I remember my girlfriend went to London for a long weekend which afforded me the opportunity to live how I would if she wasn’t around to keep me 'normal'. This track came out of that weekend working weird hours, not sleeping or washing much, eating weird things sporadically and generally not leaving the house for 4 days. I’m sure it helped add to the tense atmosphere in this track. There is a bit of a John Carpenter vibe in the second half when the synths take over the acoustic elements. I also tried (and failed) to create a synth part as good as the one at the end of "Machine Gun" by Portishead.

Oscillations

This came from an improv session using my live set-up when I should have been rehearsing for a gig.

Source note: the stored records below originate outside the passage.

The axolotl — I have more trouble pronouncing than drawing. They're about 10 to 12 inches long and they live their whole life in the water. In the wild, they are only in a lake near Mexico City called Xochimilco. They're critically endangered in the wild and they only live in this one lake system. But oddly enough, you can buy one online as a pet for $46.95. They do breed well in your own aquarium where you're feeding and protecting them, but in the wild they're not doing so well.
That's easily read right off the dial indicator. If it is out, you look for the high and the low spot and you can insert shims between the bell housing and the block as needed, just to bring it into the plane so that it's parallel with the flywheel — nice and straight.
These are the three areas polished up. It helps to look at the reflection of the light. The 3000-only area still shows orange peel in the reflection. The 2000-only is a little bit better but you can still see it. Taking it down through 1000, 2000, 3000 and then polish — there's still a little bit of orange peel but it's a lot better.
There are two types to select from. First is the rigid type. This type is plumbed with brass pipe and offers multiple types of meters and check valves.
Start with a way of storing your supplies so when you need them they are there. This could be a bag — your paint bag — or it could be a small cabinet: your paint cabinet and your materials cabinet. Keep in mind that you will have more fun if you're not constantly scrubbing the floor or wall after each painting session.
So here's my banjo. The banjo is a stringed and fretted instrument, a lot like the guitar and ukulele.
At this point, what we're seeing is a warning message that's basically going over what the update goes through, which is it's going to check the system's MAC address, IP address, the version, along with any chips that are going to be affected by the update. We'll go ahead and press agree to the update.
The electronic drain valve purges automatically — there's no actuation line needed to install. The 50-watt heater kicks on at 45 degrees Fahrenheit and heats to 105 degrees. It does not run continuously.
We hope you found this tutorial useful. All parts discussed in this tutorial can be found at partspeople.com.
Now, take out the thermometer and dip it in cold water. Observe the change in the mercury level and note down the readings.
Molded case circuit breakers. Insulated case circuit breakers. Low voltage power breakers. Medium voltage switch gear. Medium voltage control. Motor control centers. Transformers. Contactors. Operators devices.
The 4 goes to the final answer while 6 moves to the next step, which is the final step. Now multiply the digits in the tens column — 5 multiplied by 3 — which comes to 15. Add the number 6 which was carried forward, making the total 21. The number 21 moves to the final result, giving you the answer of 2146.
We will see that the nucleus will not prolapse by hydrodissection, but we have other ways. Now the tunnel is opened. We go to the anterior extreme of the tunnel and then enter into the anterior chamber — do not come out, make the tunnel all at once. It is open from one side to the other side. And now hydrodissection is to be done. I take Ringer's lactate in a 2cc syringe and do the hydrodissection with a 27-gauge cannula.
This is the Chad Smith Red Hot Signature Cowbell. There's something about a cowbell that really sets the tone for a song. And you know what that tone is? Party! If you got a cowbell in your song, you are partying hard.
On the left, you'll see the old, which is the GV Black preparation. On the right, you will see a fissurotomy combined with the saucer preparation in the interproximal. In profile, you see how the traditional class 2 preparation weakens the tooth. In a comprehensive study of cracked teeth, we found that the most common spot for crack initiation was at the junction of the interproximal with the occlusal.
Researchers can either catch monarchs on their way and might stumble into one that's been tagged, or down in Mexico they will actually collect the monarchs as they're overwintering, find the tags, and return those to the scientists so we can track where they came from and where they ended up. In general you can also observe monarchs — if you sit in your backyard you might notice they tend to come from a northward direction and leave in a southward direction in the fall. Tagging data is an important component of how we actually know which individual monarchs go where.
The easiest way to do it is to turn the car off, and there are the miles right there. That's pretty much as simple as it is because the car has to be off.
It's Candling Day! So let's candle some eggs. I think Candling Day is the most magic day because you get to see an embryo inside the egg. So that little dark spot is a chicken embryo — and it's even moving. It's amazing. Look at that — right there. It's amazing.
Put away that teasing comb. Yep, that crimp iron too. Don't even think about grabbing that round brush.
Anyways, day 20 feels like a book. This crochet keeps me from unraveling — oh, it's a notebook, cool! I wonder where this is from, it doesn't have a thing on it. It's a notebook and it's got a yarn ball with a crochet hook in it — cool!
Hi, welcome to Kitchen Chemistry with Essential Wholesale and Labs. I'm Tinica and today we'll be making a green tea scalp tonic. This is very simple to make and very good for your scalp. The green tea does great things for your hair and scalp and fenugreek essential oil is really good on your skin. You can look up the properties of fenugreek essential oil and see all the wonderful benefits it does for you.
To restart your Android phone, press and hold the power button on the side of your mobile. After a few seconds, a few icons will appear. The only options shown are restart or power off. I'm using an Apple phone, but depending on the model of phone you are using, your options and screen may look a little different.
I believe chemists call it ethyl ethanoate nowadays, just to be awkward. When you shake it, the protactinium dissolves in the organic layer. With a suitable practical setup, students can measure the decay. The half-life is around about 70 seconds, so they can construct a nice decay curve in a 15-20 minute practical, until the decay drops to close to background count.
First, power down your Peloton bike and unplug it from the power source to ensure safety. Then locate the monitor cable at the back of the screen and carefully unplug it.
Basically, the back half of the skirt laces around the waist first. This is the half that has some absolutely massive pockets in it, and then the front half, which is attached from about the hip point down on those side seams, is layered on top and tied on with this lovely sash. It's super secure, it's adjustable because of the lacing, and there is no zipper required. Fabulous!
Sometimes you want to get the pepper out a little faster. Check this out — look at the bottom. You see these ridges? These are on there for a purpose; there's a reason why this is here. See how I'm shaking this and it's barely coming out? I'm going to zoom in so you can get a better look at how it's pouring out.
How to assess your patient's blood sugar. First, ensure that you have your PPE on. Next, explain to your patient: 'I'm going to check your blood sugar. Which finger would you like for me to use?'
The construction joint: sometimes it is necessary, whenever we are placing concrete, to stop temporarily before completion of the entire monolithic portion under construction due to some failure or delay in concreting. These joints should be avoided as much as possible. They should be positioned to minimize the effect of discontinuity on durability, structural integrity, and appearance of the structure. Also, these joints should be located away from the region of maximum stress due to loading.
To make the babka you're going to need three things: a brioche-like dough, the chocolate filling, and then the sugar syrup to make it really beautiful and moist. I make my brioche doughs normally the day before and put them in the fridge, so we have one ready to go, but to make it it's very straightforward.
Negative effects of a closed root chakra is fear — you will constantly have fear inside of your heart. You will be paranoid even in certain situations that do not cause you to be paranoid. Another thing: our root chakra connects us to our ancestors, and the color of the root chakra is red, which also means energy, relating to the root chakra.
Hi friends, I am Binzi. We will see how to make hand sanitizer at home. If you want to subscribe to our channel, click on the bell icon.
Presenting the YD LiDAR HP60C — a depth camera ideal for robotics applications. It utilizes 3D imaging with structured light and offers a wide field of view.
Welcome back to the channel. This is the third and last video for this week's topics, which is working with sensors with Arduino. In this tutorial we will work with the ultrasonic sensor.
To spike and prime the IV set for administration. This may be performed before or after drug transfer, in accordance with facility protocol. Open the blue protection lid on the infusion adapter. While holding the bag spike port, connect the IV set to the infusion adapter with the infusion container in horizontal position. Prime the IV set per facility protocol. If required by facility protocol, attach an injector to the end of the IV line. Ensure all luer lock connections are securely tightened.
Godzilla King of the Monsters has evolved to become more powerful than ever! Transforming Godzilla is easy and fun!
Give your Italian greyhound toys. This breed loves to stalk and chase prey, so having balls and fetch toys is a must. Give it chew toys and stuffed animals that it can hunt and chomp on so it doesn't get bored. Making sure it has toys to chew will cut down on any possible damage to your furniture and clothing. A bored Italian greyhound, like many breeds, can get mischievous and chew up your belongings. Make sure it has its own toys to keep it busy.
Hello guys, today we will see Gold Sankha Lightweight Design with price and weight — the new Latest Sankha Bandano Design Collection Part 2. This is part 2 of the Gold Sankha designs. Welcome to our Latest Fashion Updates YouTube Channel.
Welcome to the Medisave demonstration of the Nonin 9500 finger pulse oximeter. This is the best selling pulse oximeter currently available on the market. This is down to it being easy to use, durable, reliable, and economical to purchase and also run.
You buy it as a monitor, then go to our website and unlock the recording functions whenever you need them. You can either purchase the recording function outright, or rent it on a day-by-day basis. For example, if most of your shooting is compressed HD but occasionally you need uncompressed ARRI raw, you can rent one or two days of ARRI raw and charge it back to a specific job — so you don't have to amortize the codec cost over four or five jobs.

I do this a lot and have built up a lot of material this way. I didn’t plan on using any of these on the album but there is something that stood out with this piece and I kept coming back to it and ultimately it seemed a good interlude in the middle of the record. It’s the only track that was made purely from electronic sound sources on the album- it’s a single take with no overdubs.

The Kraken

There is one track on every album that becomes like climbing Everest – and seems like finishing it is an insurmountable challenge. Not one to give up, I worked on this track for months and months. Somehow it made its way to its finished state. The final section is of a hammered dulcimer part played over a bunch of distorted electronics which pretty much came about as I was running out of ideas and wondered what would happen if I just went crazy on the hammered dulcimer. The outcome works surprisingly well. Much better than I expected it would especially given that I have no real idea how to play a hammered dulcimer.

Surface Tension

This is my favourite track on the record and encapsulates what I was trying to achieve with the record: taking something made in the real world (in this case a recording of some chords at the piano) and then processing it extensively with both digital and analogue equipment to achieve a weird tension between the organic and the electronic. This was one of those tracks that happened quickly during a particularly productive period of music making.

Euclidean Plane

My brother was up for a while recording drums on another project and- despite being mainly a percussionist - he is also a very unusual guitarist in that he has no formal training and doesn’t know any of the traditional chords. I was sure we could get good results from him playing guitar on one of the sketches I had lying around. Despite him not knowing what he was playing, with a bit of guidance and encouragement to use his ears, we layered lots of parts and it really brought this track to life.

Corpseways

Like many of the tracks on the album, this is built around prepared-piano and bowed strings. I kept this one sparse and with very little electronic elements- apart from the distortion which comes in towards the end. This was taken from a rehearsal of my live set where after the last track I pretty much turned all the knobs to 10 (or 11 if you like Spinal Tap). Improvised or spontaneous elements are important to me and I find that when I’m making music, the less aware of what I’m actually doing, the better the outcome is.